In Corinthians, Paul tells us of two different types of leaven: the leaven of malice and wickedness, and the leaven of sincerity and truth.
John Hagee, leader of a megachurch in Texas, got a lot of press a few years ago. He’s fond of quoting scripture– usually from the Old Testament, and often out of context. “I’ll bless those that bless you and I’ll curse those that curse you,” said Hagee, quoting from the book of Genesis. “That’s God’s foreign policy statement, and it has not changed.”
Now I’ve often said that a person can argue for absolutely anything by pulling random quotes from the bible.
Let’s test that. Let’s see what else we might be able to cull from the bible about foreign policy. Hagee quoted the Old Testament, so let’s begin there:
From Leviticus 19: “The foreigner residing among you must be treated as your native-born. Love them as yourself, for you were foreigners in Egypt. I am the LORD your God.” Or from Jesus: “Love your enemies and bless those who curse you.”
See what I mean? You can argue either side.
Let’s try it again– this time debating how God asks us to treat one another. From Exodus:
“This is what the LORD, the God of Israel, says: Strap on your swords! Go back and forth from one end of the camp to the other, killing even your brothers, friends, and neighbors.” The Levites obeyed Moses, and about three thousand people died that day. Then Moses told the Levites, “Today you have been ordained for the service of the LORD, for you obeyed him even though it meant killing your own sons and brothers. Because of this, he will now give you a great blessing.” (Exodus 32:26-29 NLT)

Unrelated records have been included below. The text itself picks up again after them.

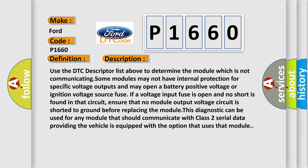Use the DTC descriptor list above to determine the module which is not communicating. Some modules may not have internal protection for specific voltage outputs and may open a battery positive voltage or ignition voltage source fuse if a voltage input fuse is open and no short is found in that circuit.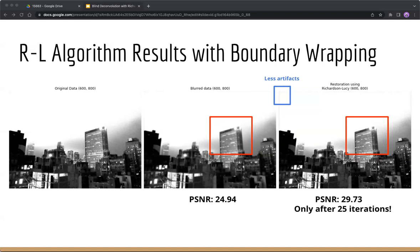Besides, it only takes about 25 iterations to reach this result, which shows that the convergence of RL algorithm is quite fast.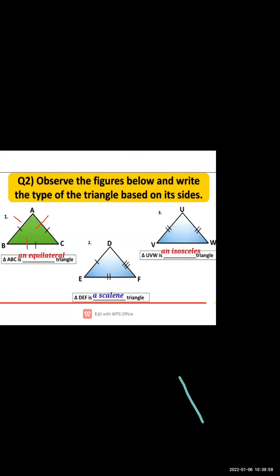In figure one, all sides have a single line mark, meaning all are of the same measurement. If all three sides are of the same measurement, the triangle is known as an equilateral triangle.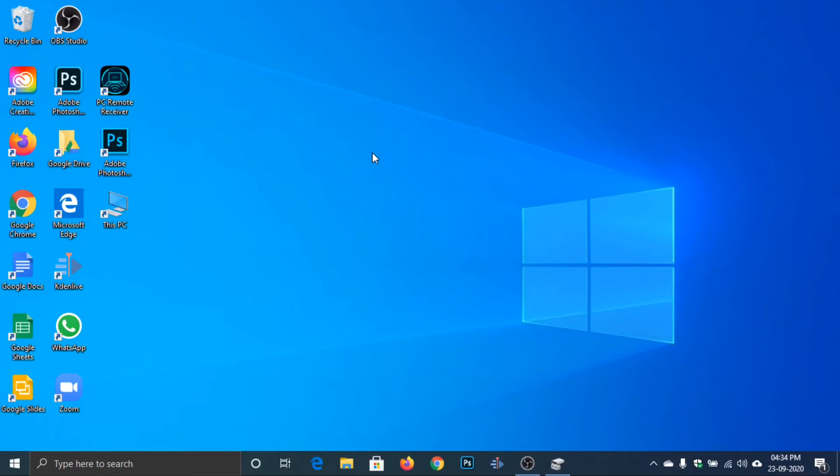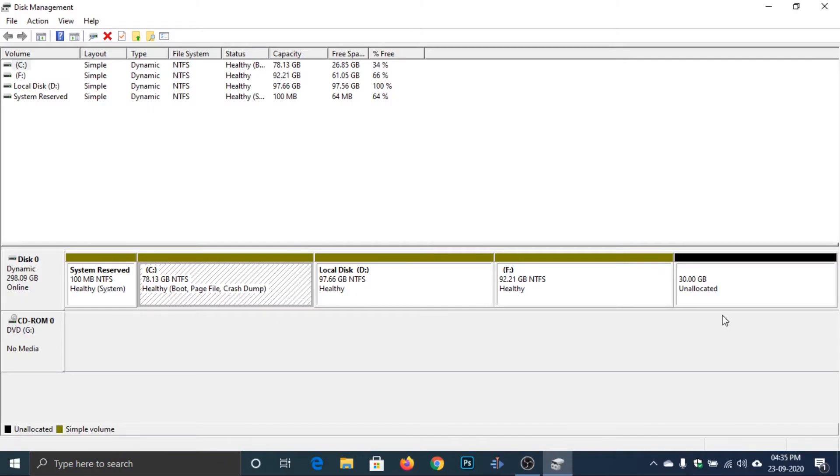Hello everyone, welcome back to the channel. This is Kunal Jain from Tech Clips, and in this video I will show how to remove unallocated disk space in your Windows PC. So let's start.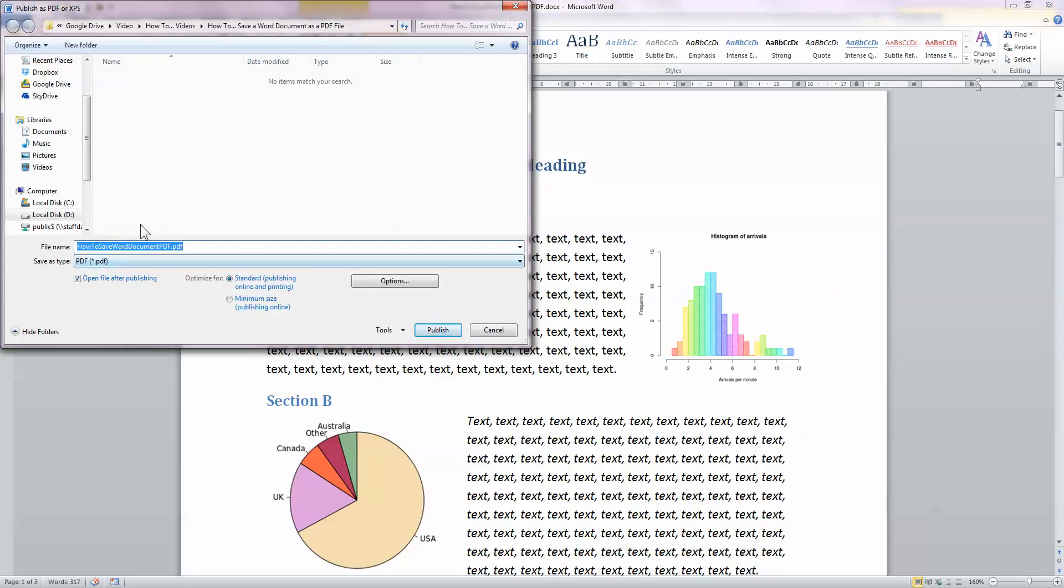This allows me to save my file. And I've got the open file after publishing option clicked here so I can see it. So click on Publish.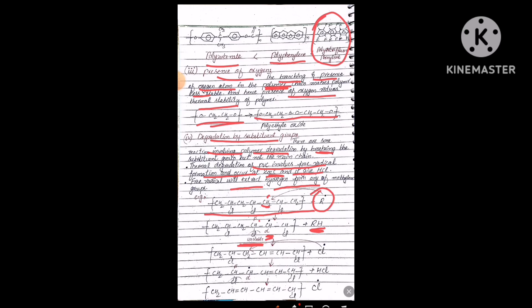After chlorine leaves, a double bond is created on the chain. The chlorine free radical then attacks the next methylene group, abstracts a hydrogen atom, and becomes HCl. The resulting carbon becomes a new alpha carbon; the adjacent chlorine is again unstable, leaves as a free radical, and a new conjugated double bond is formed. This chain reaction repeats.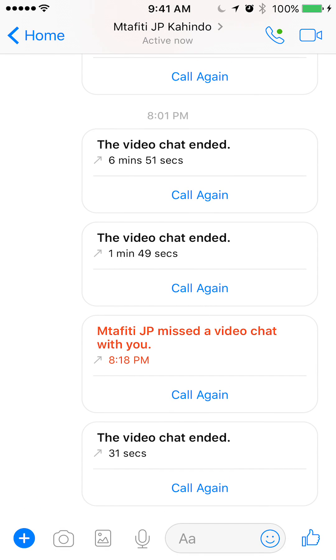That's how simple it is to delete a message. If you have any other questions please leave them in the comments below. If you like the video go ahead and hit the thumbs up button.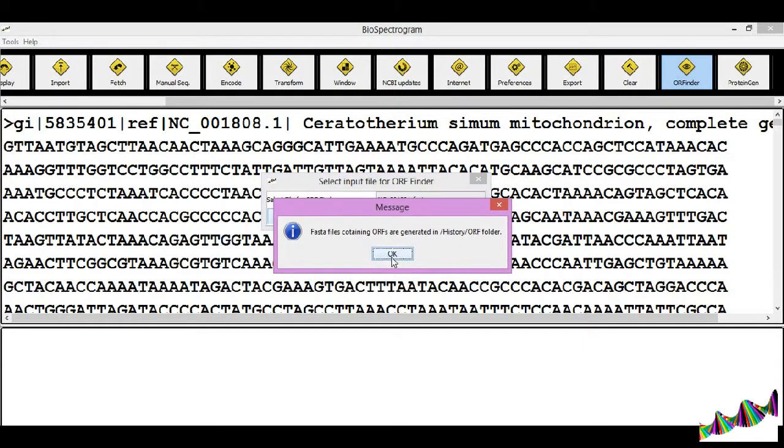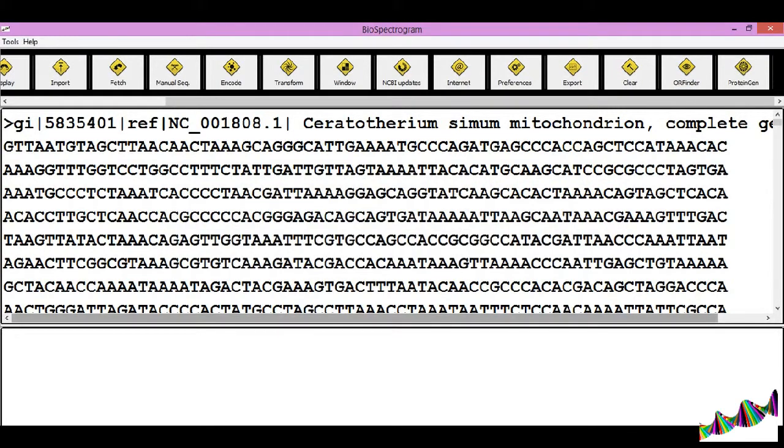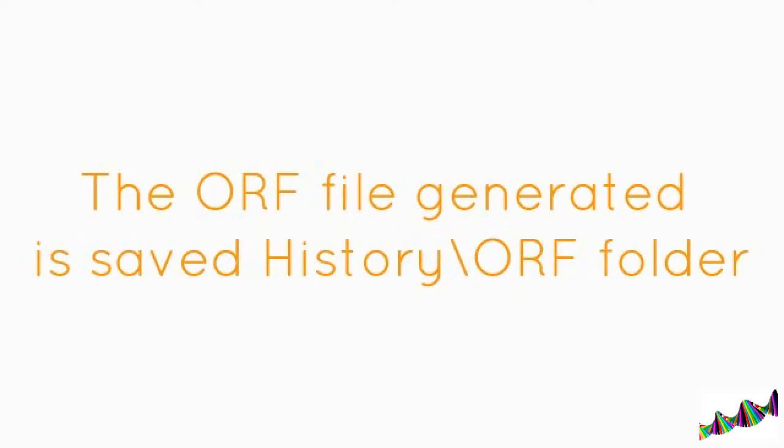The FASTA files containing the ORFs are generated in the history under ORF subfolder. Also, the text file containing the entire list of ORFs is generated in the ORF subfolder.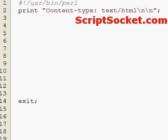PEARL tutorial part 103: write and read a database file.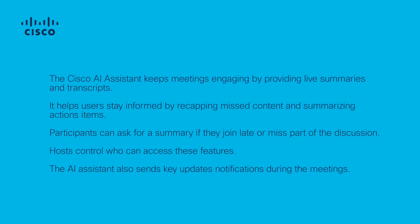The Cisco AI Assistant helps users stay engaged during meetings by offering real-time summaries and transcripts. You can catch users up on missed content, summarize action items, and answer questions.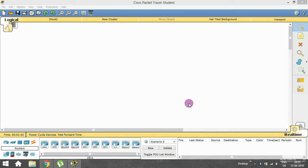Hey guys, welcome to my channel. In this session we are going to see how to implement LAN to LAN communication. In the previous session we saw how to implement within-LAN communication — how to establish communication inside a LAN. In this session we are going to see how to implement LAN to LAN communication.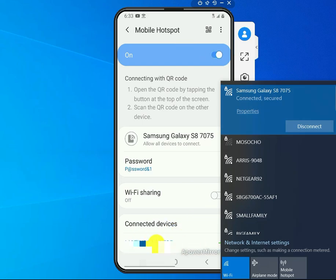Okay, so that's how you connect to your mobile hotspot.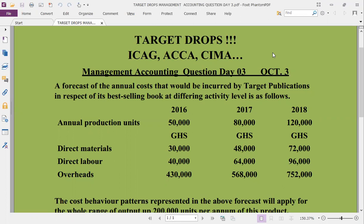Here comes the question. A forecast of the annual cost that will be incurred by Target Publications in respect of its best-selling book at different activity levels is as follows. The activity levels for 2016, 2017, and 2018 show annual production levels of 50,000 units, 80,000 units, and 120,000 units respectively. Direct materials and direct labor are provided along with overheads in monetary values.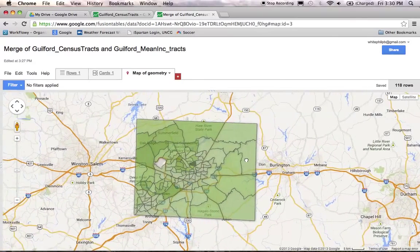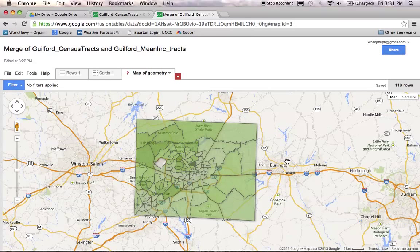That's pretty much it for part two of your demo. We've made a few Fusion Tables and done a merge of two different Fusion Tables to create a map that is really functional and displays some interesting data. You could do this with other data as well, like population density, poverty levels, or ethnicity. In our next video, I'll show you how to combine some of our maps and display them on the web. Thanks for listening, and I'll talk to you again shortly.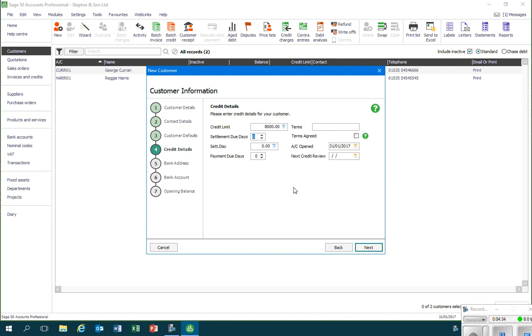I don't offer, or this business doesn't offer, settlement discounts. But I can then record how long the customer is given before they need to pay, so we're going to enter 30 days. And I'll also write that down in the terms box: payment in 30 days.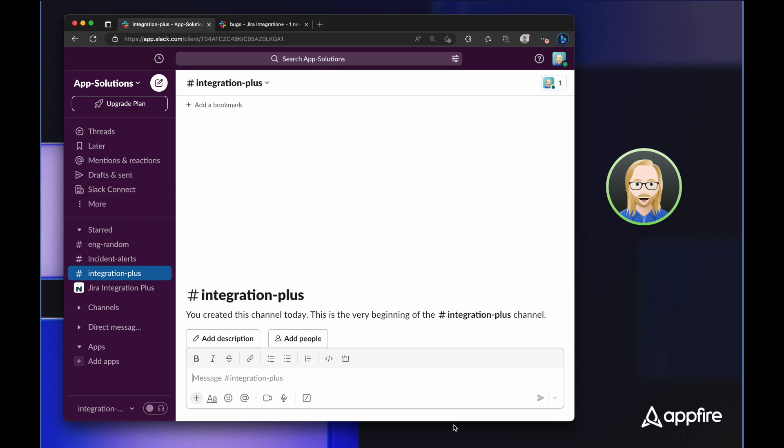Hi, this is Evan from AppFire and today I'll be giving you a brief overview of Jira Integration Plus, our enterprise two-way integration between Slack and Jira. As you'll see, our integration allows you to change the way you work with next level capabilities.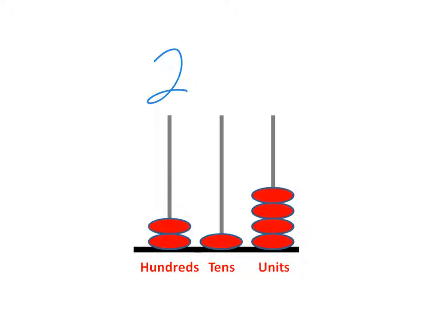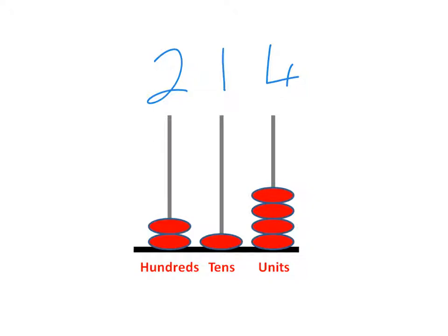We've got ten, so we put one ten in the tens column. And we've got one, two, three, four—four ones or four units in the units column. So that gives us the number two hundred and fourteen.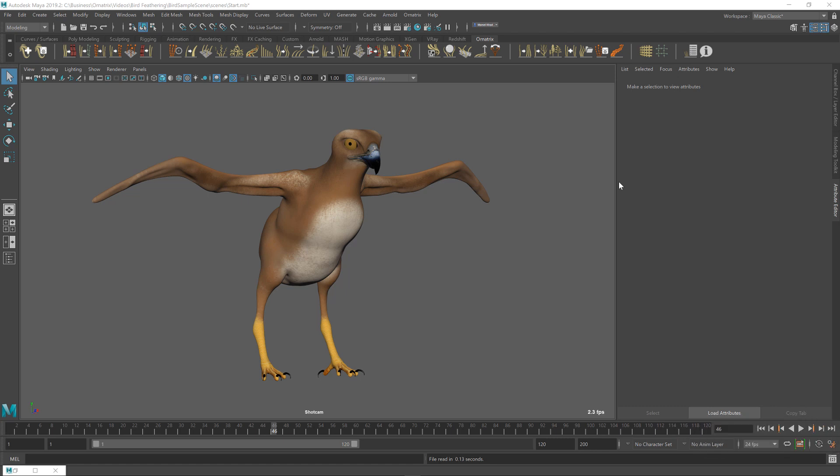Hello everyone, this is a continuation of our tutorial on creating feathers using Ornatrix for Maya. In the previous tutorial we created a single feather using the propagation operator and including some of the Ornatrix operators to define its shape, to introduce some clumping and some curvature, as well as other effects that you might want on your feather.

I have to say– that’s one I don’t quote often.
But then there is also Matthew 25:
“I was hungry and you gave me food, I was thirsty and you gave me something to drink, I was a stranger and you welcomed me, 3I was naked and you gave me clothing, I was sick and you took care of me, I was in prison and you visited me.’ Then the righteous will answer him, ‘Lord, when was it that we saw you hungry and gave you food, or thirsty and gave you something to drink? And when was it that we saw you a stranger and welcomed you, or naked and gave you clothing? And when was it that we saw you sick or in prison and visited you?’ And the king will answer them, ‘Truly I tell you, just as you did it to one of the least of these, you did it to me.”
I am simplifying, I know. But remember, leaven can work both ways: what we focus on spreads through our church and culture producing delicious, nourishing bread, or – like my example of how I react to cantaloupe in fruit salad, permeating the whole dish and making it inedible.
The kingdom of God is like yeast that a woman took and mixed in with three measures of flour until all of it was leavened.
As we build the kingdom of God, which leaven will we use? Amen.